Monday, 12 February 2007

Odd Blogging Weekend

Strange things afoot this weekend: A Radio 4 profile of Guido followed by some defamatory (I believe) allegations against him - retrieved from 20 years ago by the Guardian - published and carried on leftist blogs which have been gunning for him for a while now (although Harry's Place defends him); Andrew Marr's AM show carries Iain Dale and the Yazzmonster, who concludes that despite being a progressive egalitarian, blogs are a bad thing (and Oliver Kamm, the egalitarian blogger agrees) - you could almost think something was going on.

Guido places himself in a position of vulnerability to these attacks because of what he does. I still find it odd that instead of celebrating the exposure of sleaze, as the left did throughout the 90s, we're seeing efforts to discredit the whistleblower. Nevetheless. He does what he does and people will attack him wherever possible.

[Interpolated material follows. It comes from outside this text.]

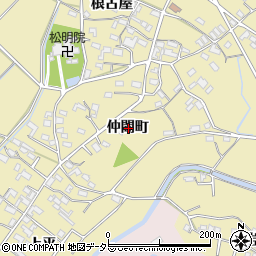 愛知県岡崎市細川町仲間町周辺の地図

As for this little outburst of left commentators slating the blogosphere (Taylor,Toynbee,Yazz,Kamm now it seems): the pressure keeps building it seems. For Kamm to slate it, despite being a fine blogger himself seems strange to me. You would have thought that a sphere which anyone can access for the price of an hour in an internet cafe every so often and which can bring the views of really ordinary (I don't just mean Guardian-writer ordinary, but people who sweep streets for a living ordinary) to a world-wide audience (ie potentially far larger than the Guardian gets to) -would be welcomed by the egalitarian left. No. According to Kamm and Yazzmonster, having loads and loads of people blogging politically actually, by some mysterious process, reduces the amount of debate taking place; worse than that, the genuine mass participation in politics we're witnessing through the blogosphere, via the people who post, the people who comment, and those who read - is, presumably by the same mysterious process, in fact bad for democracy. Somehow it just hardens people in their own views and sets up a vast "echo chamber". Well I don't know how much research has been done in this area - plenty, I assume, as egalitarians are big fans of evidence-based knowledge - but I don't understand it. How is a choice of say 20 great blogs with different shades of opinion worse than just reading the Torygraph? How is there less debate going on when various shades of the right are available in the form of the Devil, Guido, MrE, Tom Paine, Daily Pundit, David Farrer, and Croydonian? In the old days (last year, for me) I could only pick up the Torygraph for one shade of rightist view. But the left seem to be getting together to agree that this is a bad thing - perhaps the violent abuse being meted out to politicians, most of which is richly deserved, is what offends them (don't read MrE today on Patsy Hewitt then) - even when they make use of the sphere themselves. So what if the tone of comment and debate is full of rage and disgust? We care. We want things done well. We want honesty, competence and reliability. We don't get it. We assert (not wish for, meekly, waiting for it to be granted) - we assert the right to be shrill and angry, in a free sphere, open to all. Left pamphleteers have been doing it for centuries. At least we're not apathetic (or perhaps that now becomes the preferred choice).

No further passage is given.